Ezgi uyanalı saatler oluyordu. Canan doktor, hem görüş saati geçtiği, hem de Ezgi'nin bir süre dinlenmesi gerektiği için kimseyi görüşe almamıştı. Bu sebeple Muzaffer de timi biraz olsun dinlenmeleri için evlerine göndermişti, fakat ne kadar ısrar ettiyse de Emre'yi gönderememişti.

"Ne olacak şimdi abi?" Muzaffer, üç haftadır oturduğu koltukta oturmuş Ezgi'yi izlerken bir yandan da Emre'ye ne cevap vereceğini düşündü.

"Mahkemeden mahkemeye koşacak. Ne olacak ki başka? Açığa da alınır, maaşına da el konur." Dedi sıkıntıyla çenesini kaşırken.

"Suçsuz olduğu kanıtlanırsa?" Emre içindeki umut tohumlarını sesine de yansıtmıştı.

"Kanıtlansa ne fark eder? Ezgi eski Ezgi olabilecek mi?" Emre gerçeğin acısıyla başını eğdi. Muzaffer'in bu denli doğru konuşması canını sıkıyordu. İnsan psikolojisi o kadar garipti ki en ufak bir olayda aklına en olmadık hatıralar gelirdi. Ezgi komutanına da böyle olacaktı. Kim bilir, belki eline silahını aldığında, belki yemekhanede yemek yerken, belki de bahçede çayını içerken Güven'le birlikte silahlarını aldıkları, yemek yedikleri, çay içtikleri anlar gelecekti aklına.

"Bu insanlar, bu yaşadıklarını hak edecek ne yaptı?" Muzaffer yan gözle Emre'ye baktı.

"Bu da bizim sınavımız oğlum." Dedi Muzaffer baba edasıyla Emre'ye. Ardından sağ eliyle Emre'nin omzuna iki kere vurup kendine çekti.

"Şimdi, bizim omuz omuza verip birbirimize destek çıkmamız lazım. Ezgi'ye destek vermemiz lazım." Emre belli belirsiz kafasını sallayıp sol elini Muzaffer'in beline attı. Babasına sığınan yavru bir kuş gibiydi.

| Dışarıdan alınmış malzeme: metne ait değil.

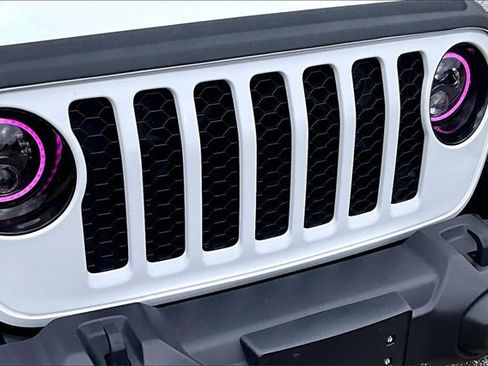 Used 2021 Jeep Gladiator Sport image 30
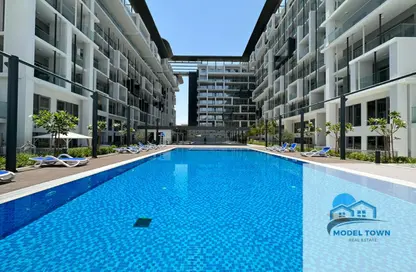 Apartment - Studio - 1 Bathroom for rent in Oasis 1 - Oasis Residences - Masdar City - Abu Dhabi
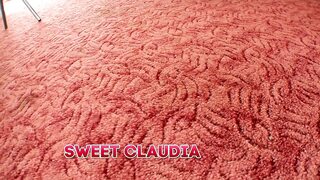 Getting Her Ass Stuffed! Horny MILF Enjoys the Cum in Her Hole!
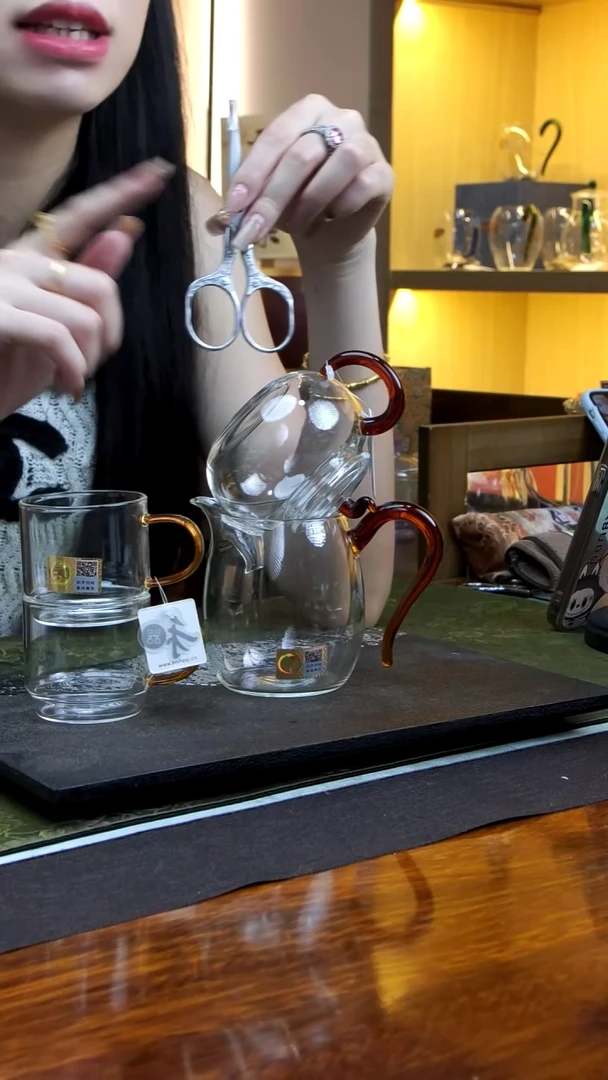 丰登壶+慕然茶海+逸杯一对 琥珀+茶剪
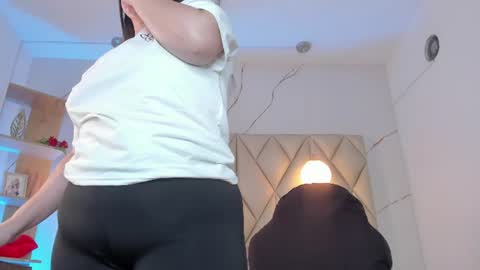 ANGIE online show from June 20, 3:18 pm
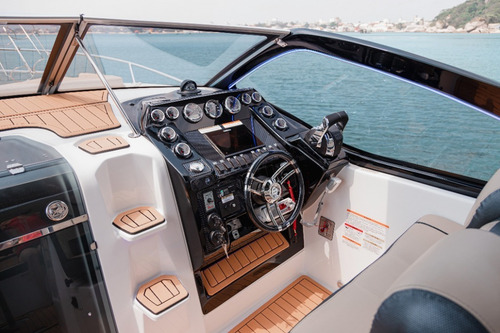 Imagem 8 de 9 de Lancha Focker 330 Gt Mercruiser 200hp ,semi Nova,ventura F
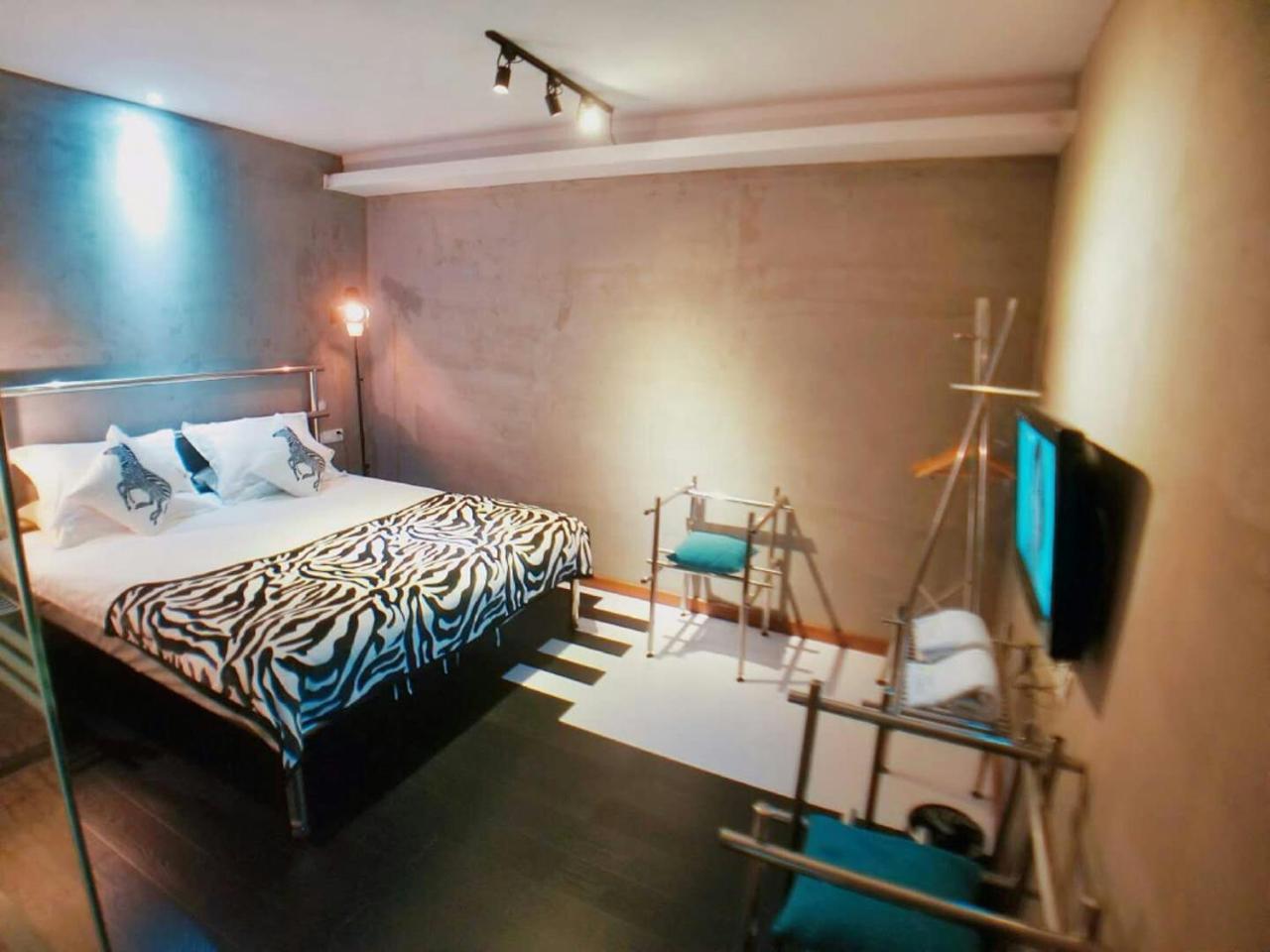 Jianyi 3* Guangzhou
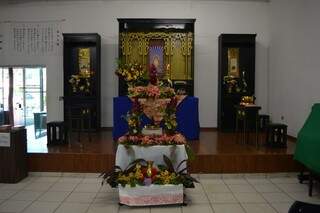 O altar da Sociedade Budista Nambei Honganji de Campo Grande. (Foto: Thaís Pimenta)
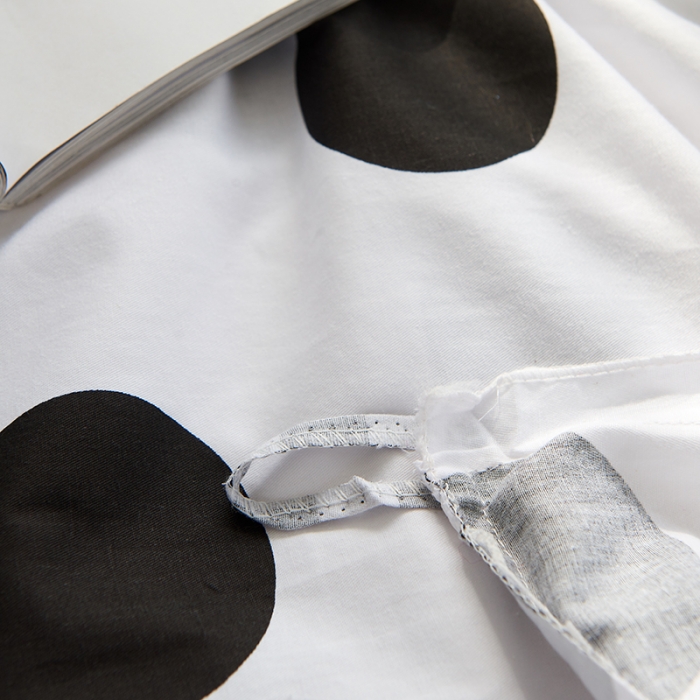 91家纺网 家纺一手货源 找家纺 艾佳2025全棉13372黑白灰经典系列四件套-场景2 洋气圈圈灰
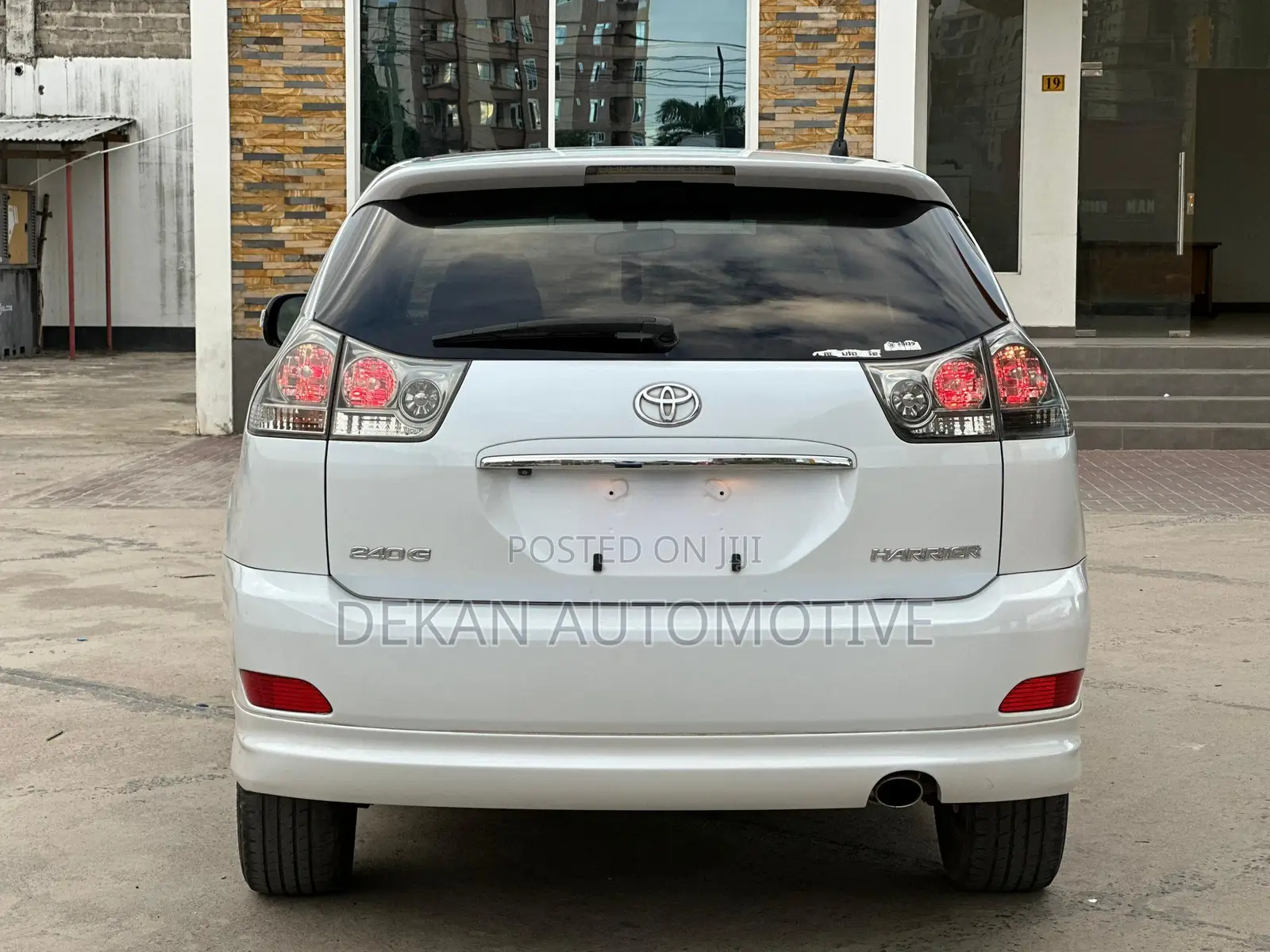 Toyota Harrier 240G 2007 White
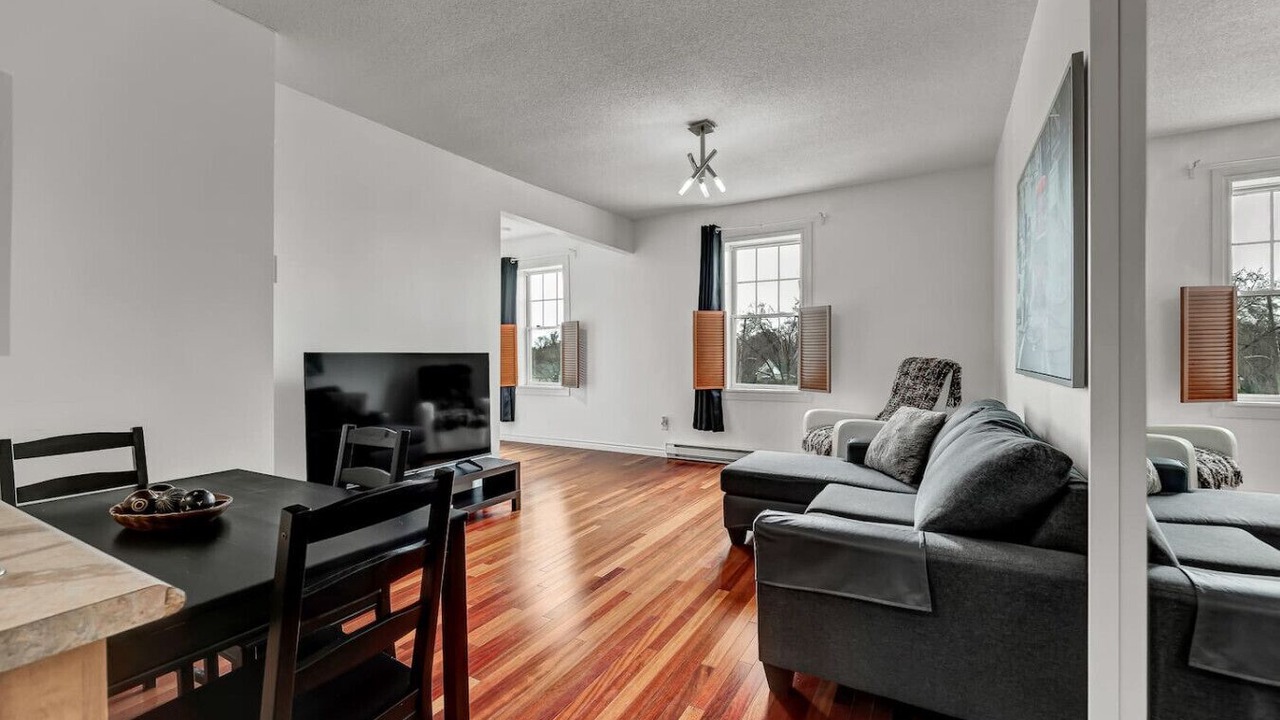 Photo of Livingroom in Hull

Hoş; Emre, Muzaffer'i hiç görmediği babasının yerine koyardı. Time geldiği günden beri Muzaffer, Emre'yi korumuş kollamış, kaç defa ölümden kurtarmıştı.

"Hadi sende git, dinlen biraz. Zaten nöbetten çıktın. Bugün ben kalayım sende yarın gelir kalırsın. Sonra sıraya döneriz." Bu teklif Emre'ye cazip gelmişti. Zira birkaç haftadır düzgün uyuyamıyordu. Komutanları da uyandığına göre bugün rahat bir uyku çekerdi.

"Bir şey olursa ararsın o zaman abi." Dedi yerinden kalkarken. Muzaffer'in onayıyla birlikte arkasını dönüp merdivenlere doğru ilerledi. Muzaffer bir süre Emre'nin gitmesini bekledi. Gittiğinden emin olduktan sonra da ayaklanıp Ezgi'nin yattığı odanın kapısına geldi. Kapıyı yavaşça açıp içeriye baktı. Ezgi gözlerini tavana dikmiş öylece yatıyordu.

"Ezgi?" Dedi. İki kelimeyi bir araya getirip de bir cümle bile kuramayacak kadar dağınıktı düşünceleri. Ezgi bakışlarını tavandan çekip Muzaffer'e dikti.

"Gel Muzaffer." Hafifçe toparlanmaya çalışırken yüzünü buruşturdu. Üst üste iki kurşun karası almıştı ve ikincisi çok da kurtulması normal bir yerde değildi. Ezgi hâlâ nasıl hayatta olduğunu da sorgulamadan edemiyordu.

"Kaç gündür hastanedeyim?" Kapıdan sıyrılıp koltuğa oturdu.

"3 hafta."

Ezgi bakışlarını Muzaffer'den çevirip tavana dikti. Vücudundaki her bir kas hareket etmek için can atıyordu âdeta. Bu kadar zamandır yatmak iyi gelmemişti ona.

''Durumlar nasıl?'' Bakışları tekrar Muzaffer'e dönmüştü. Alacağı cevabı az çok tahmin ediyordu ama bir de başkasının ağzından duymak istiyordu.